Eternal (Zomato): Navigating Competition in Quick Commerce
Motilal Oswal maintains a 'Buy' rating on Eternal (Zomato) with a target price of ₹360, anticipating a 27% upside. Despite acknowledging short-term volatility from intensifying competition and potential margin pressures due to discounting and lower minimum order values, the brokerage backs Eternal due to its market leadership in food delivery and the long-term potential of Blinkit. Zomato reported a 73% rise in consolidated net profit to ₹102 crore for Q3 FY26, with revenue tripling to ₹16,315 crore, largely driven by quick commerce. A significant milestone was achieved as Blinkit and Hyperpure turned EBITDA-profitable during the quarter, attributed to an improved assortment mix and supply chain efficiencies. The company's P/E ratio remains elevated, reported around 1,153x as of January 2026, signaling high growth expectations. Investors are monitoring the leadership transition with founder Deepinder Goyal stepping down as CEO, with Blinkit CEO Albinder Dhindsa set to take over.
Apollo Hospitals: Integrated Healthcare and Future Expansion
Motilal Oswal reiterated its 'Buy' rating on Apollo Hospitals with a target of ₹9,015. The firm sees a strong hospital engine complemented by an impending inflection in the HealthCo segment. Apollo Hospitals is preparing for significant growth by enhancing its complex case mix and expanding capacity, with plans to add 3,660 beds over the next five years. Hospitals remain the primary earnings driver, contributing about 50% of revenue and 83% of EBITDA, supported by operational efficiency and an improved case mix. Apollo 24/7 is on track to achieve EBITDA breakeven by 4QFY26, with offline pharmacy expansion and diagnostics integration poised to boost earnings. In Q2FY26, Apollo Hospitals reported a 26% year-on-year rise in profit to ₹477 crore and a 13% revenue increase to ₹6,304 crore. The company's P/E ratio stands around 56.78x-65.2x as of January 2026.
Valuations and Investor Sentiment
While Motilal Oswal maintains 'Buy' ratings, the current P/E multiples for these companies reflect market expectations of sustained growth. IHCL trades at approximately 50.5x-61.9x, Apollo Hospitals at 56.78x-65.2x, and Zomato at a significantly higher 1,153x.

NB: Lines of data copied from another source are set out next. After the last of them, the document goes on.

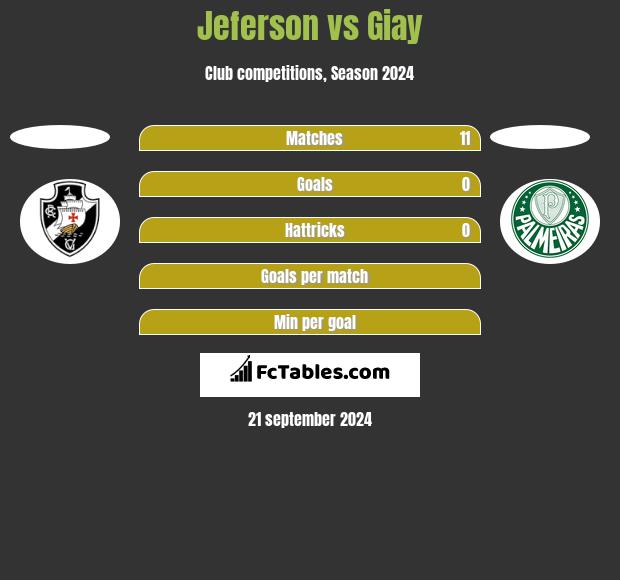 Jeferson vs Giay h2h player stats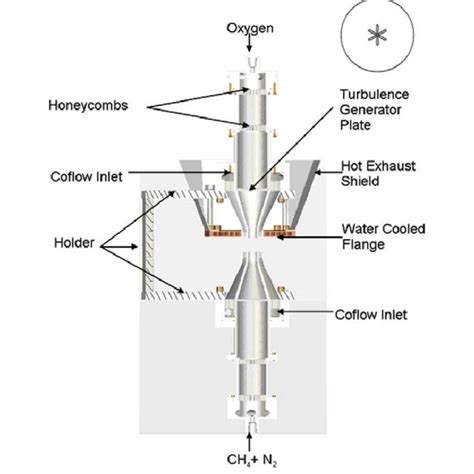 Two Dimensional Images Of OH In Counterflow Premixed Flames A Re T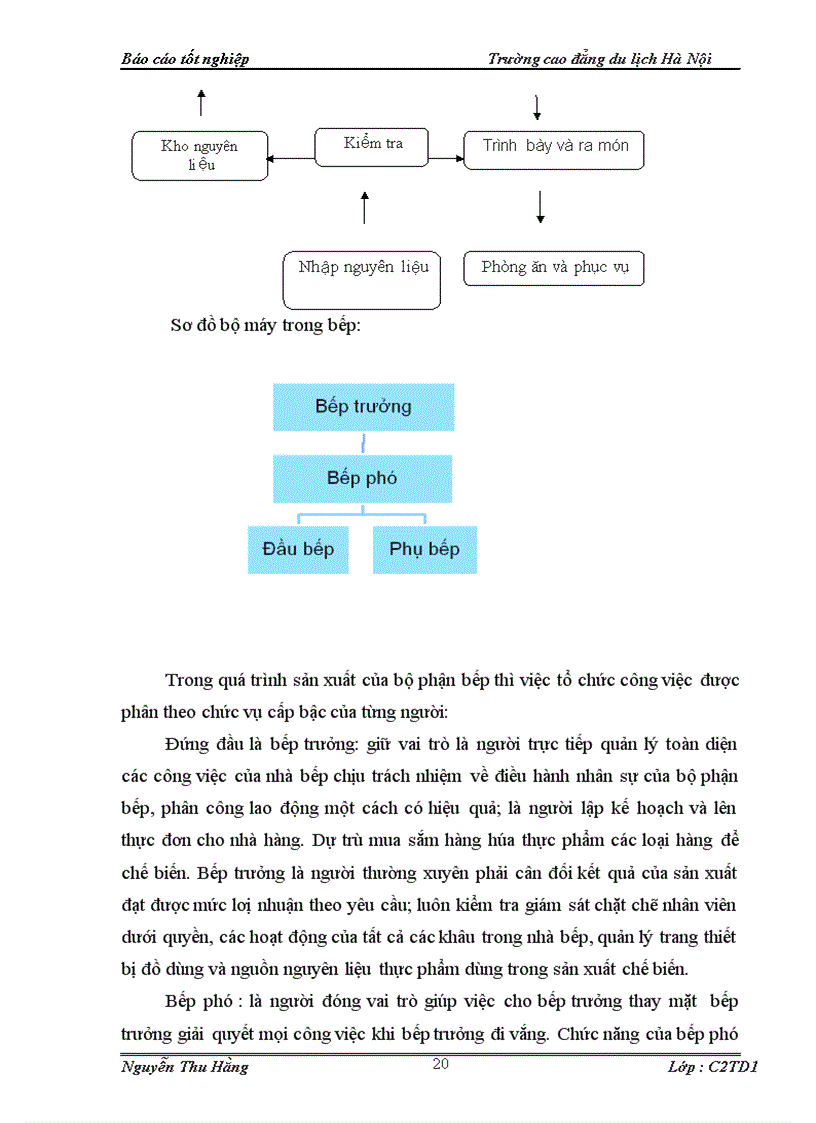 image for page Tốt nghiệp Trường cao đẳng du lịch Hà Nội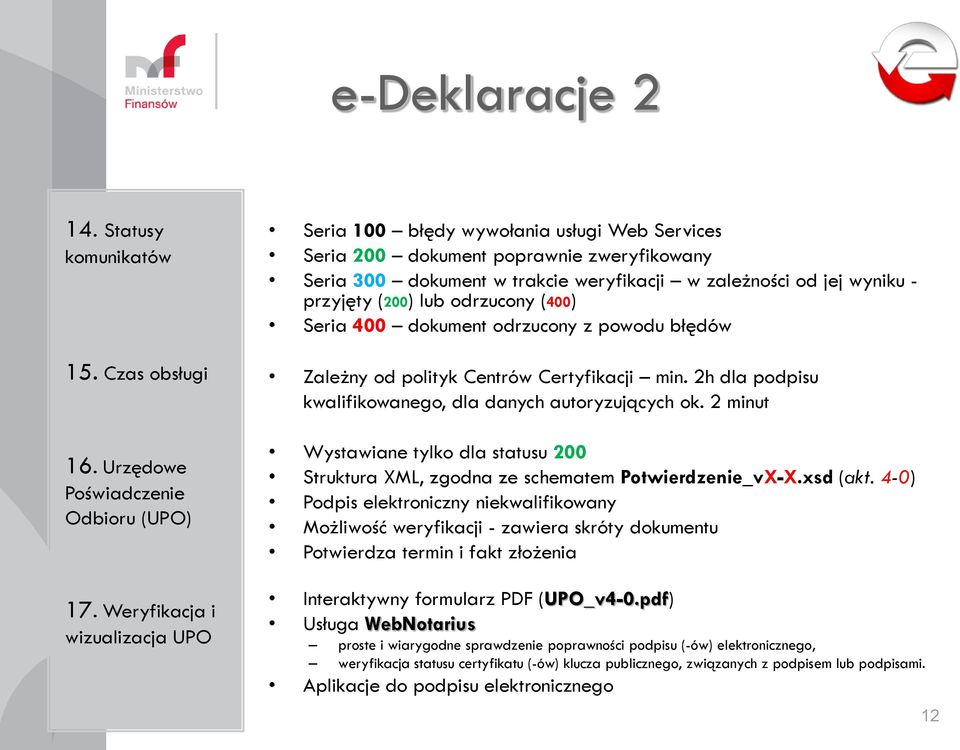 (200) lub odrzucony (400) Seria 400 dokument odrzucony z powodu błędów Zależny od polityk Centrów Certyfikacji min. 2h dla podpisu kwalifikowanego, dla danych autoryzujących ok.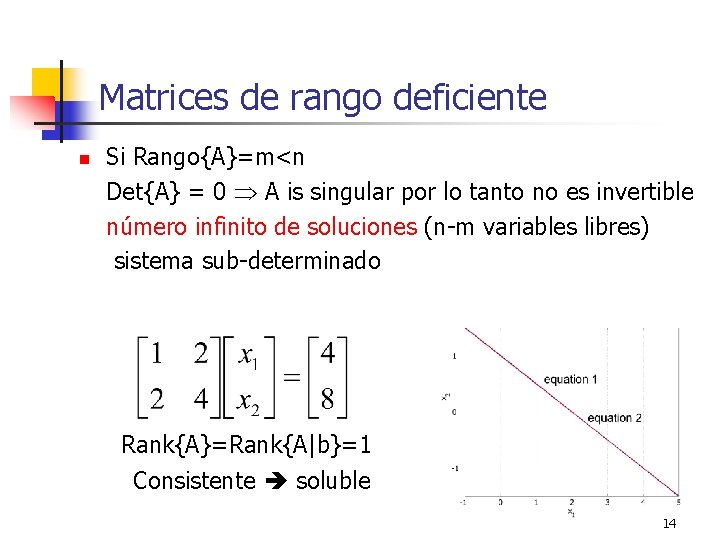 Matrices de rango deficiente n Si Rango{A}=m<n Det{A} = 0 A is singular por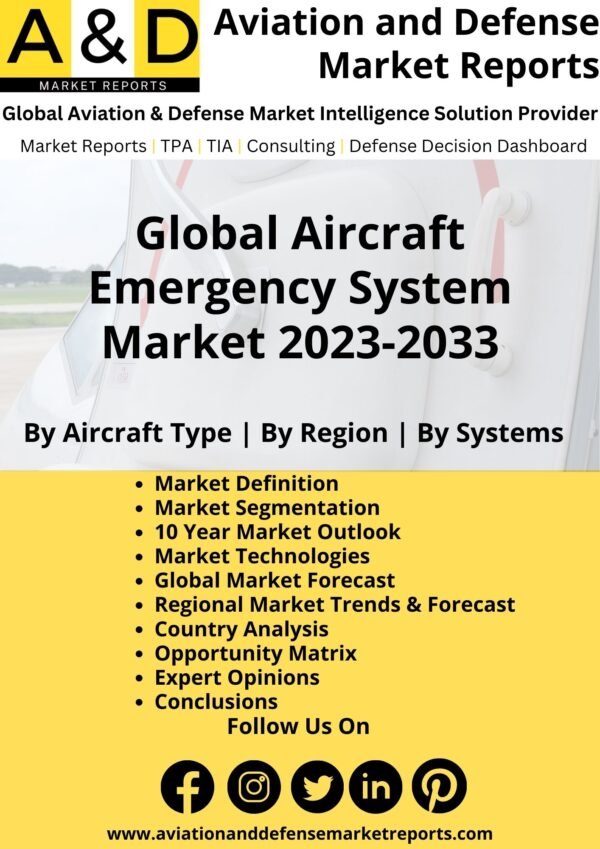 aircraft emergency system market 2023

These valuations suggest investors are pricing in considerable future expansion, aligning with the growth projections provided by the brokerage. The target prices set by Motilal Oswal indicate a belief that current market prices do not fully reflect the companies' growth potential.
Recent Developments and Forward Projections
Recent developments underscore the growth narratives. IHCL has been active with acquisitions and international expansion. Zomato's focus on Blinkit's profitability and expansion is a key driver, alongside the recent leadership transition. Apollo Hospitals continues its expansion and aims for digital health integration, with its 24/7 platform nearing EBITDA breakeven. The brokerage projects significant CAGRs for IHCL (14% revenue, 18% EBITDA, 17% PAT over FY25–FY28) and Apollo Hospitals (14% revenue, 17% EBITDA, 24% PAT over FY25–FY28), reinforcing their positive outlook.